As always, I find that general reminders about fundamental greenhouse practices are useful conversations this time of year. What follows are a few of those practices that we think need specific focus over the next few weeks.

If you were to ask what the average greenhouse seeding date in North Carolina was, I’d tell you Valentine’s Day! With the holiday just around the corner (tomorrow…), one might take a hard look at the weather forecast and scratch their head a bit. Air temperature is well above normal, and I’ll argue that our winter season has largely been non-existent except for a few cold snaps here and there. Even more interesting is that the USGS has shared weather updates indicating that Spring has literally sprung across the southeast (earlier this year than anytime on record)! With that being said, air temperature probably is not going to play major factor in our seeding decisions this season as it is not extremely cold right now and we can always manipulate greenhouse temperatures. On the flip side, I’m very concerned about light quality and duration because of the cloudy conditions that seem to be hanging around. Our standard recommendation is to seed when there are five consecutive days of clear skies in the short-term forecast. As I look at the local news here in Raleigh, I’m afraid that those consecutive days aren’t readily apparent – and I’m not sure they’ll be found anywhere in the state. This means that if we cannot wait to seed tobacco, then we may have to accept slight delays in seed germination or even slight variability in germination rates. The delay in germination is not terribly concerning, as long as the delay is uniform across the greenhouse. In contrast, staggered germination can be quite detrimental to total plant stands. Research conducted in the early 2000’s here in North Carolina tells us that transplant usability declines when seedling emergence is not uniform.
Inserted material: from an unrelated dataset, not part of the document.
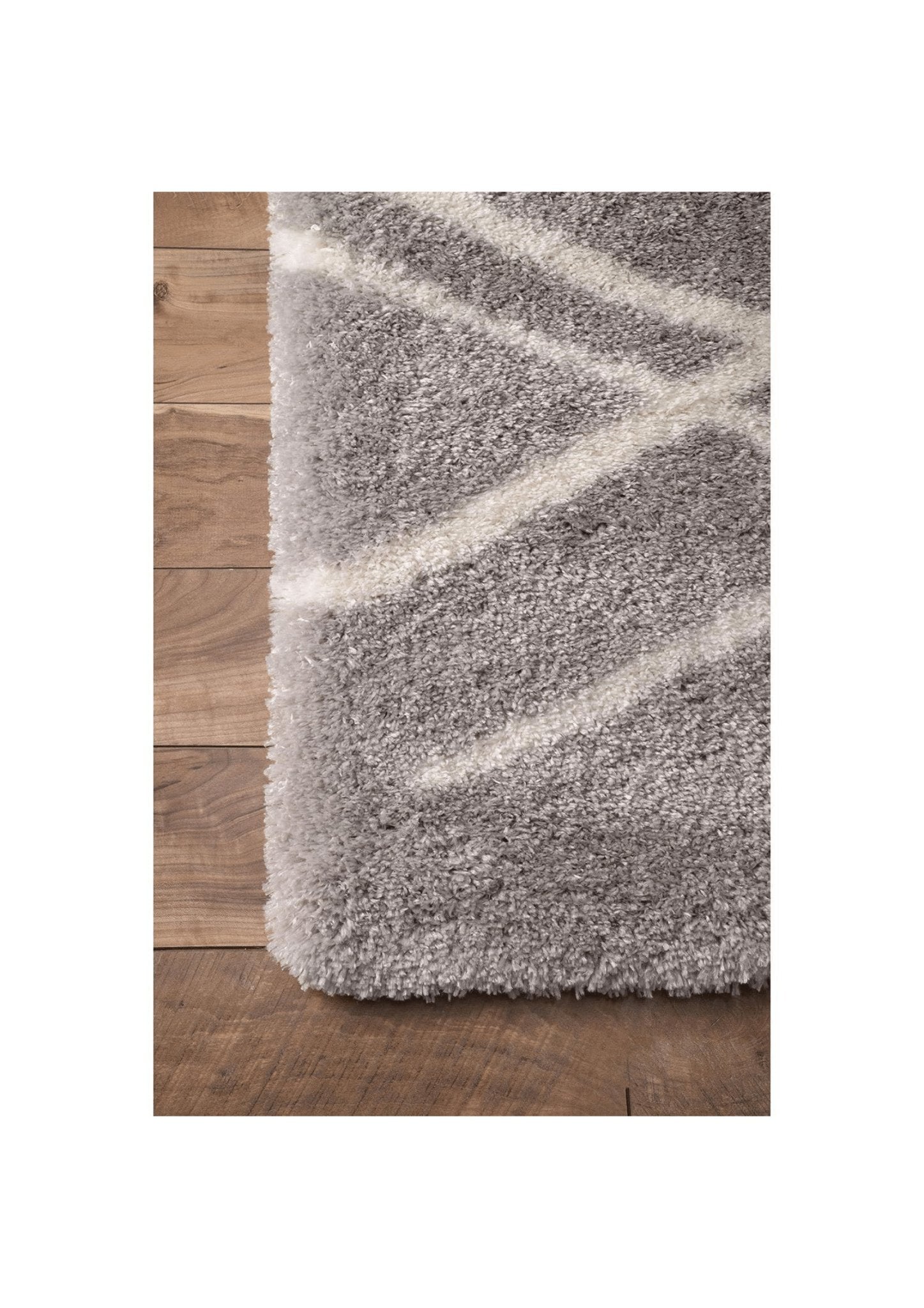 White and Gray Modern Geometric Rug - Nestern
Assuming that light availability is limited due to cloudy conditions, what can we do to minimize any negative impacts from these conditions? Our first recommendation would be to closely monitor greenhouse temperature. We have known for years that seed germination is faster and more uniform when we allow nighttime temperature to dip as low as 68°F and daytime temperatures to climb as high as 86°F. One major reason that this fluctuation promotes germination is because it “tells” the tiny tobacco seed that it’s on top of the soil and that conditions are favorable for growth. In contrast, one of the worst things we can do as greenhouse managers is to maintain a constant temperature. Constant temperatures that do not fluctuate tell the seed that it’s buried in the soil (where temperature fluctuation is less extreme). Tobacco seed to do not have enough energy reserves to push upward through the soil profile like corn or soybeans, so seed germination declines greatly. If we flash forward by about two weeks after seeding (when maximum germination should be achieved) we can reduce our temperature minimum even further (to 55°F) without hurting anything (and saving money!).
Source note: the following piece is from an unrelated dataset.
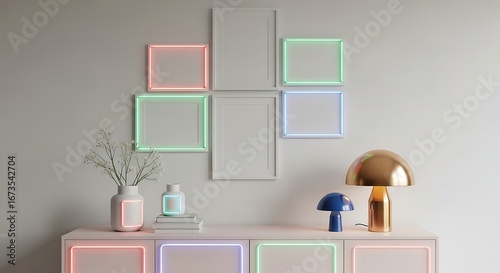 Modern Living Room Display with Neon Frames and Decorative Objects interior home decor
The second major thing we can do to promote stand uniformity is closely monitor float water chemistry. To do this we first need to know what our source water chemistry is because this will help us correctly identify any areas of concern. The common areas of concern are things such as high bicarbonates, low boron, high chloride, or low pH. A source water sample collected prior to seeding and analyzed by a public or private testing laboratory will help make these determinations. Nearly all of these issues can be addressed before we even float the first tray. The next thing we can do is wait about 7 to 10 days before adding our first application of fertilizer to the float water. If you observe a delay in seed germination from the cloudy conditions, then you might consider delaying the application by another day or two in order to reduce the potential for soluble salts injury. Growers are strongly discouraged from delaying fertilizer applications by much more than 12-15 days after seeding to prevent uneven growth resulting from low nutrient availability. The second fertilizer application should be made about three to four weeks after seeding. In addition, the total nitrogen concentration should not exceed 150 ppm in a single application.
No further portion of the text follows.